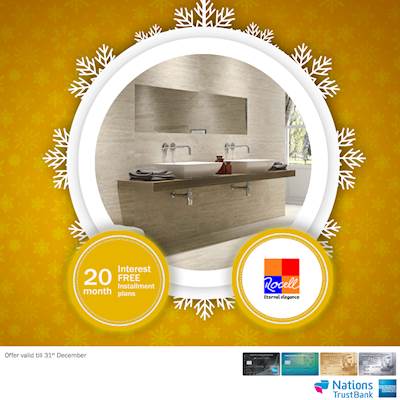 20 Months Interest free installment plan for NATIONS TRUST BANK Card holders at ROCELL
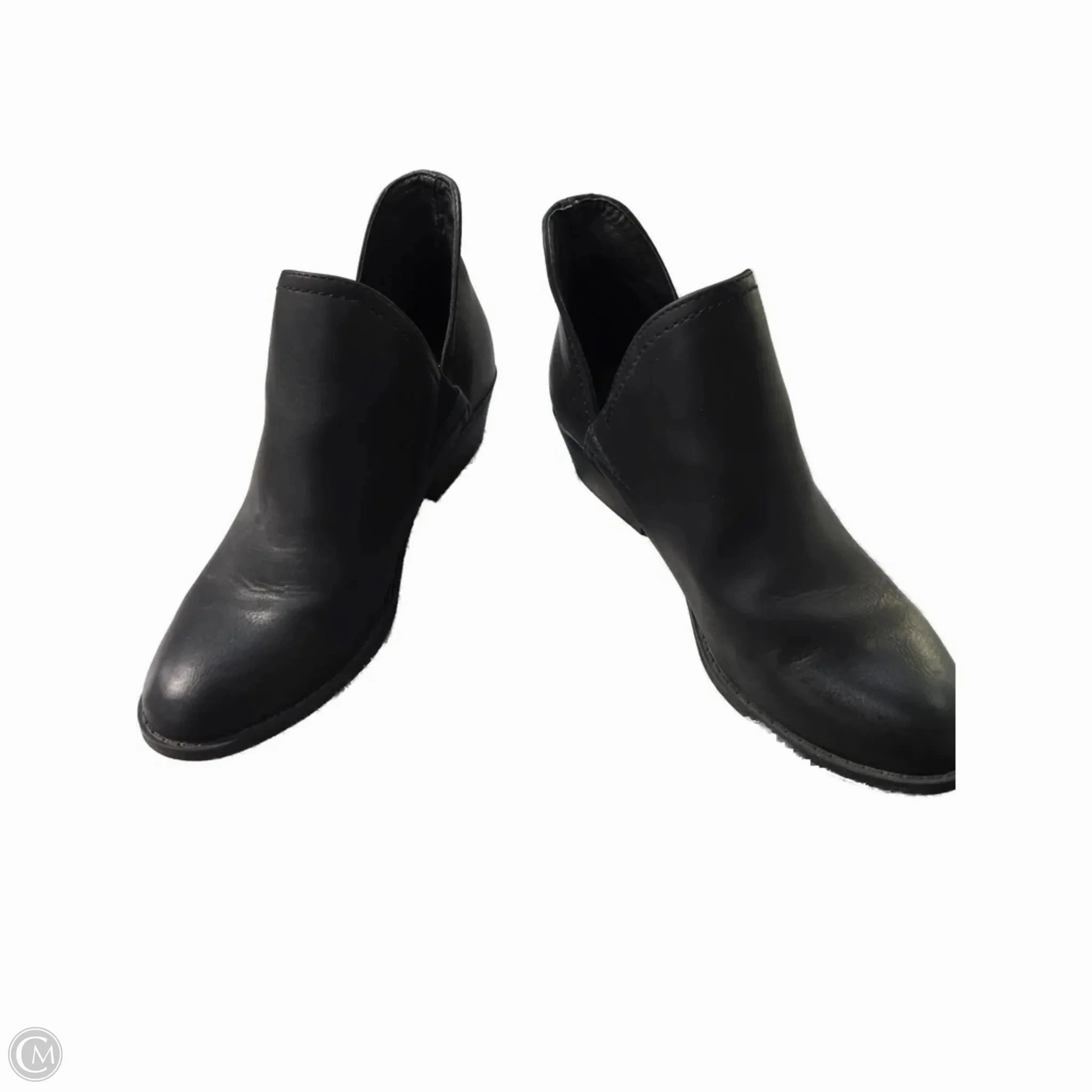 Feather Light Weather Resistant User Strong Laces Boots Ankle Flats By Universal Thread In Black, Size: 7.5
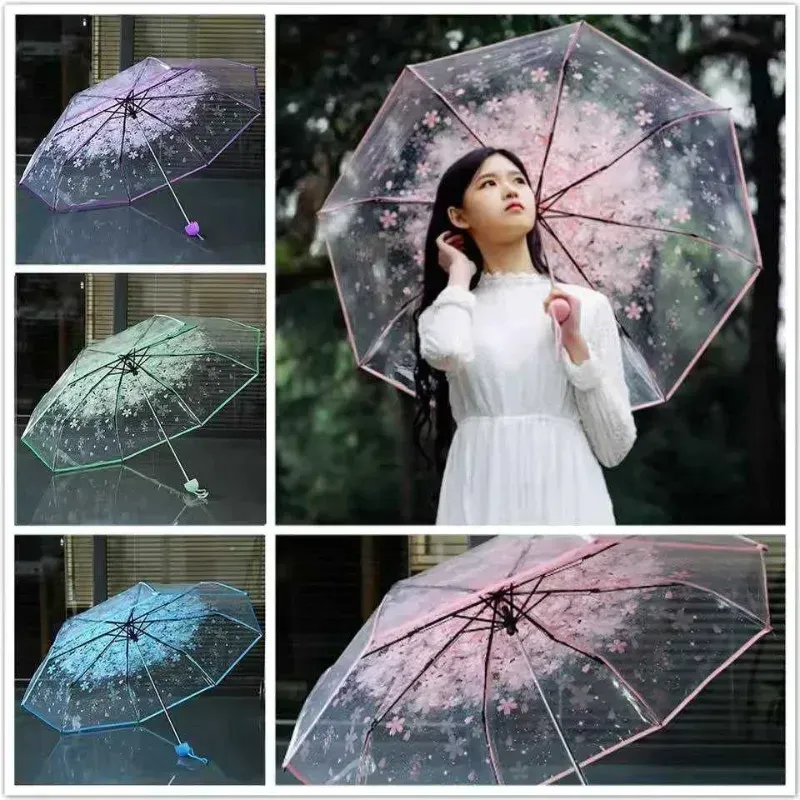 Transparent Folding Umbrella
· · · ·
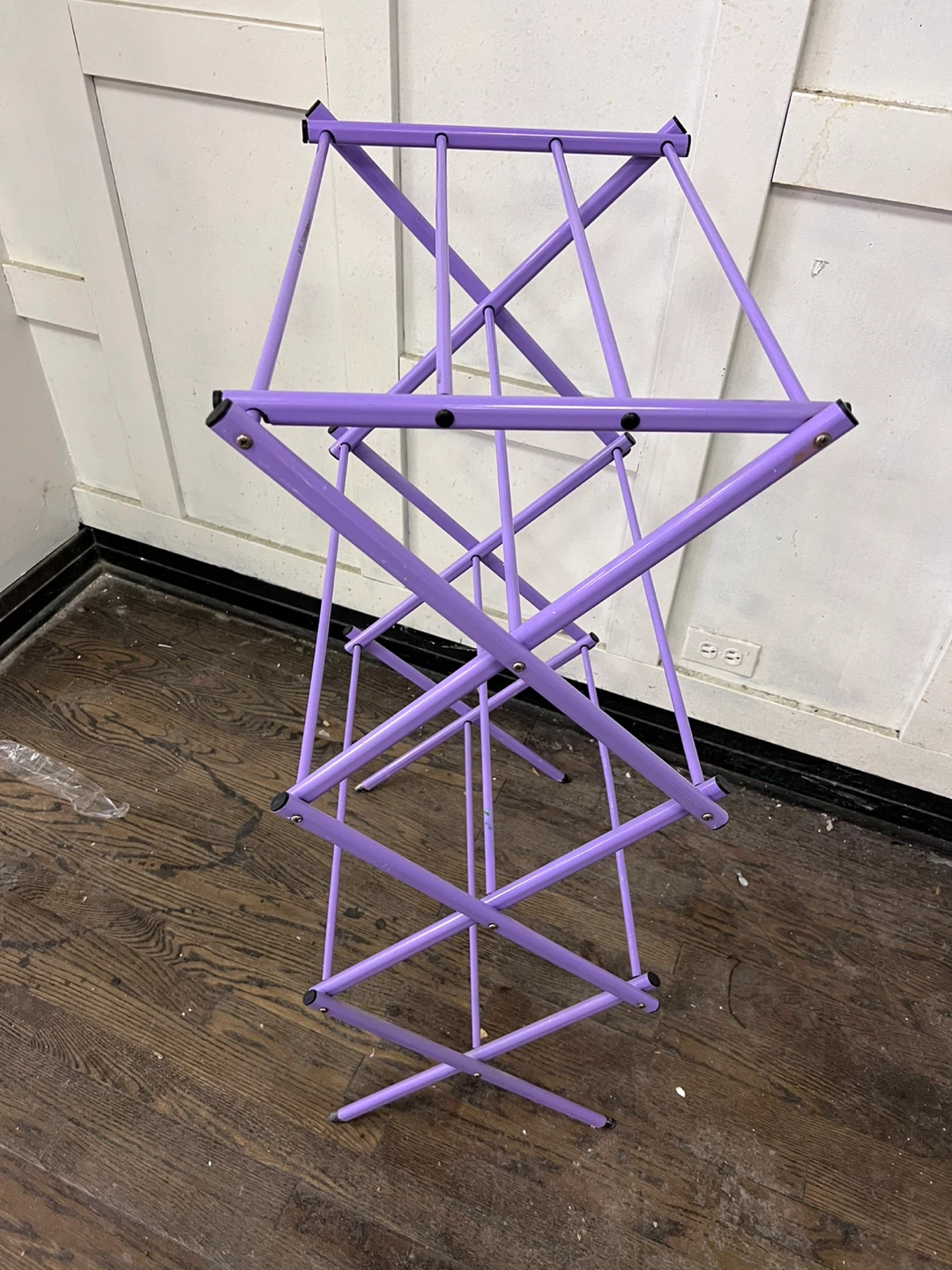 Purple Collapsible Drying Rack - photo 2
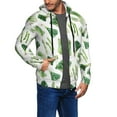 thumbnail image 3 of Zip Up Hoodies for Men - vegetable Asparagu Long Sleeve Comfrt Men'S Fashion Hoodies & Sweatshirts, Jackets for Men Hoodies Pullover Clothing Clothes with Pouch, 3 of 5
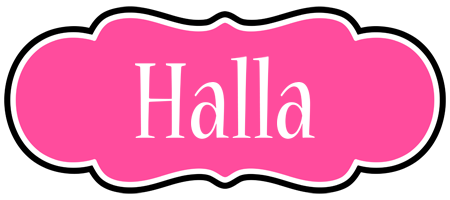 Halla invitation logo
· · · ·
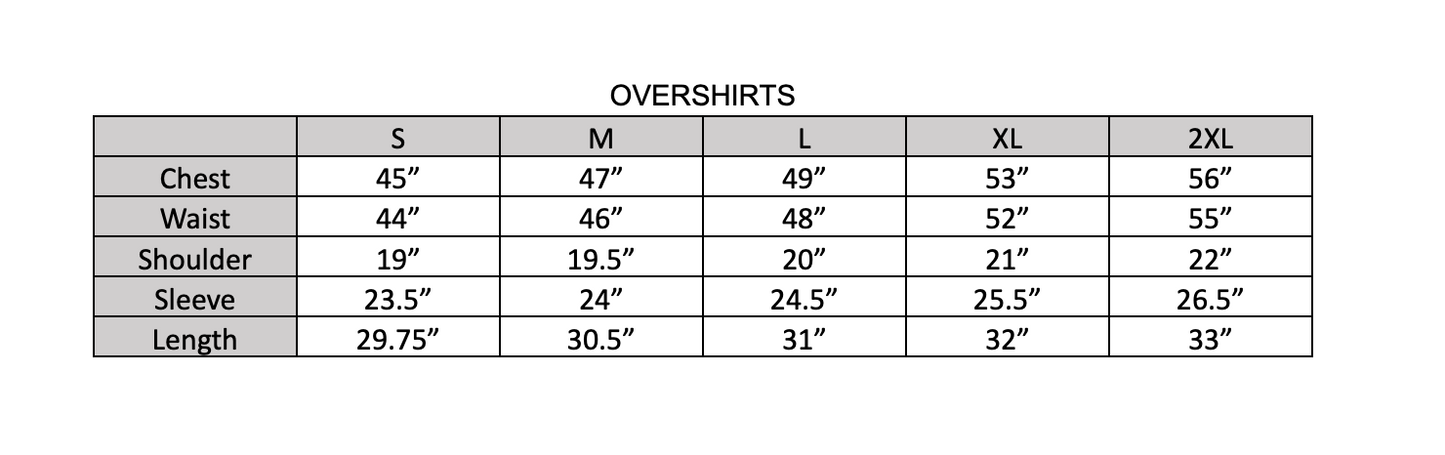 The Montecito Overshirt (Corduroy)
· · · ·
Exercise details => In the entries above, every line from the line with "Feather Light Weather" to the line with "Transparent Folding Umbrella" is to be printed exactly, with both ends included and pictures excluded.

Task response =>
 Feather Light Weather Resistant User Strong Laces Boots Ankle Flats By Universal Thread In Black, Size: 7.5
 Transparent Folding Umbrella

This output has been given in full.